La observó discretamente. Le pareció una flor marchita que, definitivamente, alguna vez había sido muy bella.
—Voy a sobrevivir, no lo dudes —repuso Katia al sentir su mirada—. Me han interrogado tres veces ya. La primera fue la peor; me hicieron mierda, pero aprendí la lección. Los estadounidenses quieren respuestas claras. ¿Estabas con los nazis? ¿Conociste algún alto mando? ¿Oíste algo importante? Sí o no. Una pausa que hagas y te conviertes en sospechoso. Mi situación mejoró porque supe responder correctamente y me acosté con algunos. Al principio fui idiota y follaba con cualquiera, hasta que supe discernir: no obtienes lo mismo de un soldado que de un sargento o un coronel.
—¿Cuál es la diferencia?
—¿Has perdido la razón? ¿Cómo que cuál es la diferencia? Va desde una barra de chocolate hasta la posibilidad de ser libre.
—¿Posibilidad?
—Sí, posibilidad. Sigo viva, ¿no? Eso significa que he elegido bien. No me extrañaría que tú te conformes con el chocolate. —La mujer examinó con cuidado a Müller y sonrió—. De pronto te imaginé con falda, y creo que ni siquiera te ofrecerían el chocolate... —Se echó a reír—. ¿Qué me dices de ti, Brune? ¿Qué tienes para ofrecerles?
—Nada, no sé…
—No serás espía de ellos, ¿cierto?
—¿Cómo?
—Escucha bien esto: yo te di un tomate. Te lo di aunque bien pude dejarte con hambre. Sabes que eso es verdad, que no miento, ¿cierto?
—Cierto.
—Pues ahora voy a pedirte algo a cambio. Es una sola cosa y quiero que la cumplas. Si por cualquier motivo te preguntan si me conoces de algún sitio que no sea este, di que no. ¿Oíste?

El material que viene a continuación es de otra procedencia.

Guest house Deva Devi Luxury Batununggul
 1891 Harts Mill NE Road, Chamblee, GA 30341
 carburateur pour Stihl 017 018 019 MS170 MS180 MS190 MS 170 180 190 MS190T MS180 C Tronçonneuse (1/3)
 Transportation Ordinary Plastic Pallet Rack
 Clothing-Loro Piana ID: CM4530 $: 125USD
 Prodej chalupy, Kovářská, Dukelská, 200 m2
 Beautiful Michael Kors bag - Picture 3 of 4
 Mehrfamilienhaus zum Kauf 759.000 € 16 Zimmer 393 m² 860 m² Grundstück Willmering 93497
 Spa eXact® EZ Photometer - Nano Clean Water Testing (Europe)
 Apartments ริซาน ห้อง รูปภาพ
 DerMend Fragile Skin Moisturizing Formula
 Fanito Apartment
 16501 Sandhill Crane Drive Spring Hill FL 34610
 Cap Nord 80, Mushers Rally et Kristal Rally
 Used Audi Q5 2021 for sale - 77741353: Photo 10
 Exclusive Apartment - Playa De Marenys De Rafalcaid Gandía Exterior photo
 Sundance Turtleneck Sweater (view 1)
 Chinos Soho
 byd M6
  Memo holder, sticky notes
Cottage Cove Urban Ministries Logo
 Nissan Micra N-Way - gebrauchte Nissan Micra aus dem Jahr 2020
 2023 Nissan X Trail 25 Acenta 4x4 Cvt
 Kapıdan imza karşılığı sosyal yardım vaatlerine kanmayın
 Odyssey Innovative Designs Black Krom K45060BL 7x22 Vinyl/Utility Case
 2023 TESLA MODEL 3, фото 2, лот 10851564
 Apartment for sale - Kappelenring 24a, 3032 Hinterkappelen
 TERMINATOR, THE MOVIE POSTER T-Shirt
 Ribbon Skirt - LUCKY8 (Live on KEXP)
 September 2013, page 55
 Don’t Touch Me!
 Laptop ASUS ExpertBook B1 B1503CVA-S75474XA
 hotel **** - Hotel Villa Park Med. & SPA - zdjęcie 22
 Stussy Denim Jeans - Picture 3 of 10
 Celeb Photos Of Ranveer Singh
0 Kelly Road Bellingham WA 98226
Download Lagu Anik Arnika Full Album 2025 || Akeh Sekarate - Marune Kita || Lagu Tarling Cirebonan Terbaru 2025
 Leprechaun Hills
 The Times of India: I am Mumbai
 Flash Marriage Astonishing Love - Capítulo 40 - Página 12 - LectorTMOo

—Eso es cierto, no te conozco.
—Cállate y escucha, soldado llorón, no me estás entendiendo, no lo tomes a la ligera. Solo diles que no, sin vacilar, con firmeza. Diles: «No, no conozco a esa mujer, de nada». No digas: «No conozco a Katya Jacov», porque si dices mi nombre es como si me conocieras. Pueden buscar mil formas de hacerte decir que me conoces de algo. No caigas en la trampa. Solo tienes que decirlo como te lo estoy diciendo yo: «No, no la conozco de nada». ¿Te quedó claro?
Él asintió.
—Dime que te quedó claro.
—Me quedó claro, pero no veo por qué me lo preguntarían.
—¿Peleaste contra ellos y no los conoces? No entiendo cómo puedes ir a una guerra sin conocer a tu enemigo. Son astutos. Parecen ingenuos, pero no tiene un pelo de eso. ¿Te has preguntado por qué estás ahora aquí conmigo? ¿Crees que solo se les ocurrió?
—No lo sé.
—Ya lo veo, no sabes nada. ¿Estás enfermo, Brune?
—¿Cómo?
—Sífilis, tuberculosis…
—No.
—¿Ladillas?
—Tampoco.
—Si lo estás, díselos. No, no, no, espera. —La mujer se rascó la cabeza, confundida—. No lo digas si no te lo preguntan, pero si mientes lo sabrán, te harán un examen médico. ¿Eres homosexual?
—No.
—Mejor, porque los odian. Y a los negros también. Aunque veas algunos negros entre ellos, no los quieren; esos negros son sus negros, pero, si fueras negro de aquí, no te iría bien.
—¿Negro alemán, quieres decir?
Al oír eso, la mujer abrió los ojos, sorprendida por sus propias palabras, y rompió a reír. Müller no pudo evitar seguirla en la risa. Podían sentir —y saber que el otro sentía lo mismo— que los huesos de las costillas se les encajaban.
Terminaron tapándose las bocas para que la risa no escapara más allá de las paredes. De pronto escucharon pasos. La polaca se buscó rápidamente en el abrigo. Sacó un alfiler, se picó un dedo y una gota de sangre se le dibujó en la yema. Con ella les dio rubor a sus pálidas mejillas. Guardó el alfiler y la bolsa con los dos tomates restantes adentro del abrigo.
El soldado Jack quitó el cerrojo y asomó la cara.
—¿Qué hay aquí? —Los miró—. ¿Se han hecho amigos? No tendría nada de malo… Es hora de irnos, parejita.